En
los anaqueles de los libros olvidados debe siempre haber un sitio reservado
para las obras de la literatura romántica victoriana. En una etapa marcada por
incesantes convulsiones y turbulencias, su lectura ofrece un remanso de paz y
sosiego, la oportunidad de un traslado instantáneo a otra época y a otros
patrones de pensamiento y conducta. En ella nos encontramos historias
arrebatadoras en las que no faltan dosis de intriga y misterio, además de ser
una fuente muy apreciada para captar las desigualdades sociales existentes, y
tasar en términos económicos la posición de demandantes y oferentes de
proposiciones matrimoniales. También, en no pocas ocasiones, interesantes reflexiones
filosóficas relativas a conductas que se mantienen incólumes al paso del
tiempo.
Una
de esas piezas la hallamos en un corto relato de William M. Thackeray, el
afamado autor de “La feria de las vanidades”. En “La mujer de Dennis Haggarty”

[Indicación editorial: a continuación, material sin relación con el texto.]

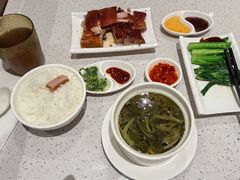 -香港新发烧腊茶餐厅(书城店)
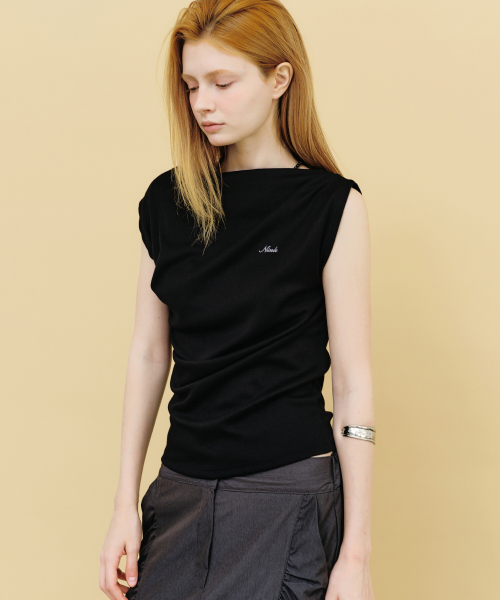 DRAPED SHIRRING SLEEVELESS TOP_BLACK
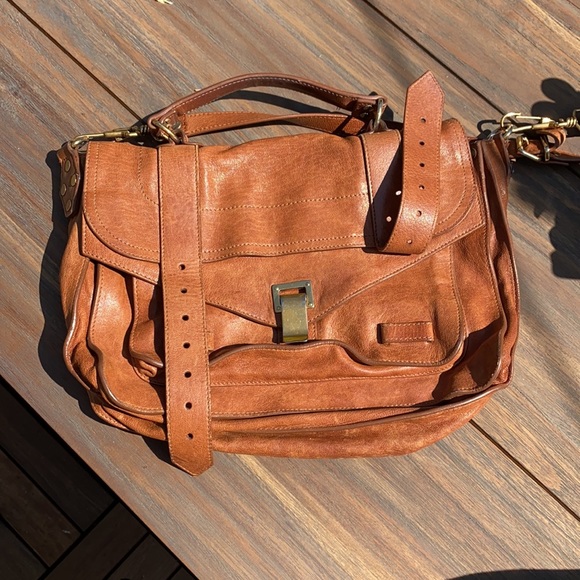 Proenza Schouler bag with gold hardware - Picture 2 of 4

recoge la siguiente digresión al hilo de la descripción de uno de los
personajes[1]:
“En algunas personas hay cierta cualidad que va más allá de cualquier consejo,
orientación o enmienda. Limítense a dejar que un hombre o una mujer tengan la
NECEDAD suficiente y no necesitarán inclinarse ante ninguna autoridad. Para un
necio no hay nadie mejor que él; un necio es incapaz de ver que está
equivocado; un necio carece de escrúpulos, está seguro de gustar, de tener
éxito, de obrar correctamente; los sentimientos ajenos le son indiferentes,
sólo se respeta a sí mismo. ¿Cómo hacerle comprender a un torpe su torpeza? Una
persona así es tan incapaz de ver su necedad como sus orejas. Y la gran virtud
de un necio es estar siempre satisfecho de sí mismo”.
¿Qué
cabe decir o hacer después de semejantes manifestaciones y veredictos?
[1]
En “Cuentos de amor victorianos”, selección y traducción de Marta Salís, Alba
Editorial, 2004 (la palabra en mayúsculas aparece así recogida en el texto original).